Londra, parla la madre del terrorista italo-marocchino

"Pregavo perchè il terzo nome non fosse il suo". La madre del terrorista Youssef Zaghba si apre in un'intervista rilasciata a l'Espresso, raccontando tutto di lei e del figlio.

Londra, parla la madre del terrorista italo-marocchino

È Valeria Khadija Collina a rompere il silenzio parlando di suo figlio Youssef Zaghba, 22 anni, tra gli attentatori di Londra.
Quando i figli sbagliano i genitori si danno sempre qualche colpa“, ha spiegato in un’intervista rilasciata a l’Espresso, raccontando i suoi pensieri e le sue emozioni in quei tragici momenti.

Quando la televisione ha comunicato i nomi dei primi due attentatori di Londra, mostrando a tutto il mondo le foto dei loro visi, Valeria si trovava nella casa di Fagnano di Valsamoggia (Bo), e li ha riconosciuti subito. Erano gli amici di suo figlio Youssef che non sentiva dal venerdì passato, e che si era trasferito proprio a Londra per trovare lavoro.

L’amara conferma è arrivata subito dopo, quando hanno ufficializzato anche i nomi dei ragazzi, ed è in quel momento che ha iniziato a sperare che suo figlio Youssef si fosse nascosto da qualche parte per non avere problemi con la polizia, e ha raccontato delle sue preghiere perché il terzo nome non fosse proprio il suo.

Io ce l’ho messa tutta e penso che lui sia stato logorato all’interno“, continua a raccontare durante l’intervista. “Abbiamo sempre controllato le amicizie e verificato che non si affidasse a persone sbagliate. Ma aveva Internet ed è da lì che arriva tutto. Né in Italia né in Marocco, dove studiava informatica all’università di Fes, si era mai lasciato trascinare da qualcuno“.

La madre ha sempre avuto la speranza che suo figlio potesse trovare presto un buon lavoro, per impegnarsi, e smettere di pensare alla Siria come un luogo dove vivere un islam puro, così come Youssef non smetteva di ripetere. Quest’ultimo, infatti, criticava spesso anche la sorella maggiore, poiché voleva che fosse più islamica e vestisse come voleva lui, litigando di continuo con lei.

È noto come nel 2016 avesse già cercato di raggiungere la Siria prendendo un volo da Bologna per la Turchia, ma fu fermato dagli agenti della Digos al momento dell’imbarco, dopo aver trovato immagini dell’Isis nel suo cellulare.

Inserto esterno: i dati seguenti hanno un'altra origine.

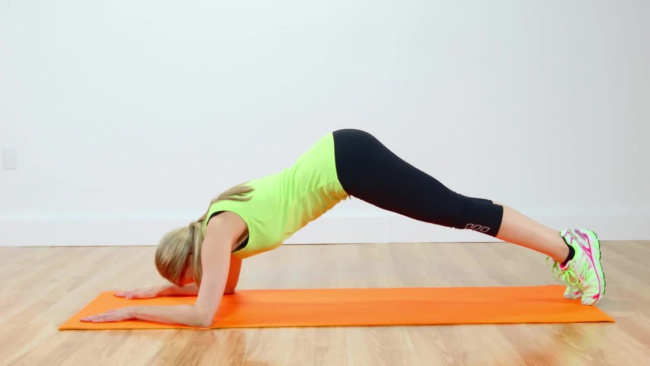 bài tập plank 5 phút hàng ngày giúp tăng sức mạnh cơ trung tâm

Da quel momento, scattò la denuncia a piede libero per terrorismo internazionale, venendo così inserito negli archivi di polizia e intelligence come “soggetto a rischio”: non sarà questo a fermarlo, poiché nel giro di una decina di giorni, il tribunale del Riesame ordina la restituzione di passaporto e telefono.

L’ultima volta che Valeria ha parlato con il figlio risale il giovedì prima dell’attentato, occasione in cui avevano scherzato su quello che avrebbero fatto alla conclusione del Ramadan, quando Valeria sarebbe andata a trovarlo a Londra.

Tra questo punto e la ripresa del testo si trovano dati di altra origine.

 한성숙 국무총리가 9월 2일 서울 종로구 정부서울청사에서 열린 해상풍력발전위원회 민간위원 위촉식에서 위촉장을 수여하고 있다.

La madre, con il senno di poi, ammette – durante l’intervista – di quanto si fosse resa conto che quella chiamata fosse un addio: pur non avendole detto nulla di particolare, si rese conto dalla sua voce che qualcosa non andava, a confermare anche il fatto che raramente la chiamasse, ma che preferisse inviare messaggi tramite cellulare.

Valeria, infine, ci tiene a precisare che, nonostante il suo enorme dolore per la perdita di un figlio, colpevole di un attentato in cui sono morte altre sette persone, lo condanna per ciò che ha fatto, e condivide la decisione dei 140 imam contrari al rito funebre per gli attentatori.